[DATA EXTRACT]

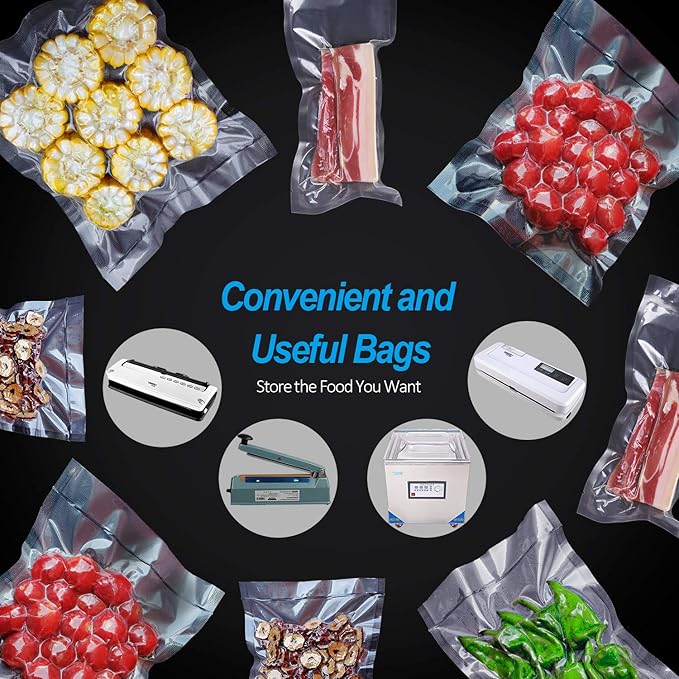 CANLENPK 9.8x13.8 Inch/25x35cm Vacuum Food Seal Bags,Large Food Vacuum Storage Sealer Bag,Seal Meal Snack Fruit Nut Tea Cookie Bean,Boil Steam Heat Freezer Sous Vide Vacum Bag (100PCS)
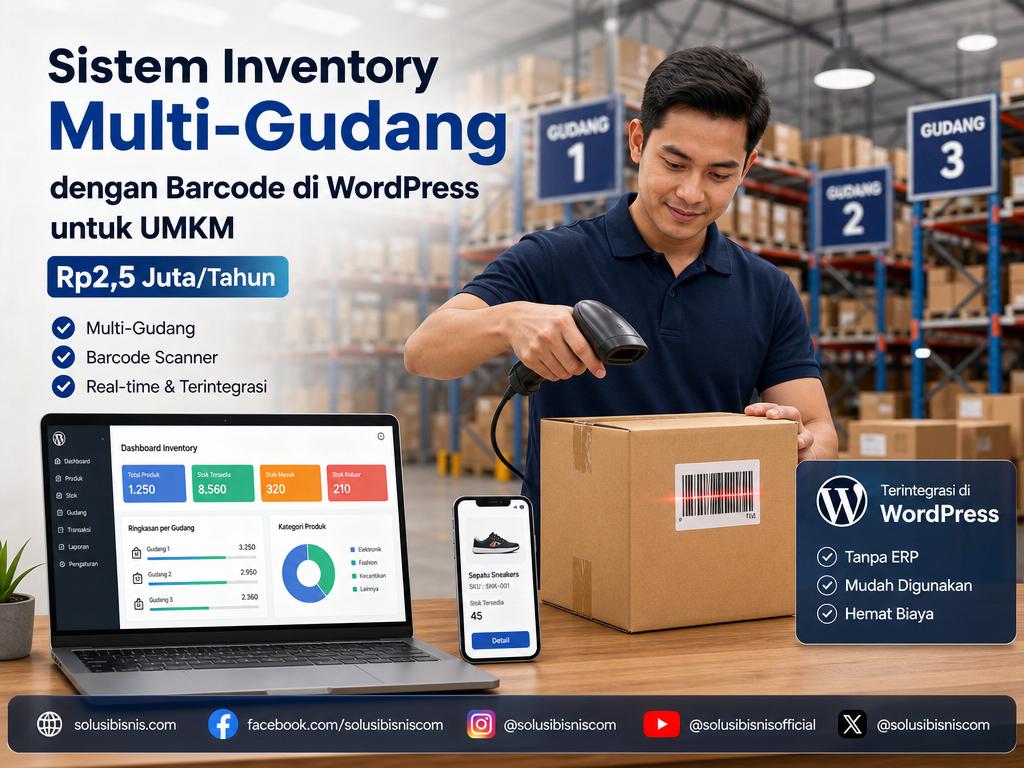 dashboard sistem inventory multi-gudang terintegrasi dengan barcode di WordPress untuk UMKM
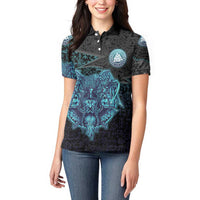 Viking Warrior and Raven Norse Mythology Women Polo Shirt Neon Line Art with Rune Patterns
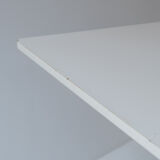 Extendable dining table with architectural base, Belgium 1960s. This folding table features two exte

[/DATA EXTRACT]

From the line that contains "Viking Warrior and" down to the last line of the material above, every line must be repeated exactly, with pictures removed and both end lines included.

SOLUTION TO THIS PROBLEM:
 Viking Warrior and Raven Norse Mythology Women Polo Shirt Neon Line Art with Rune Patterns
 Extendable dining table with architectural base, Belgium 1960s. This folding table features two exte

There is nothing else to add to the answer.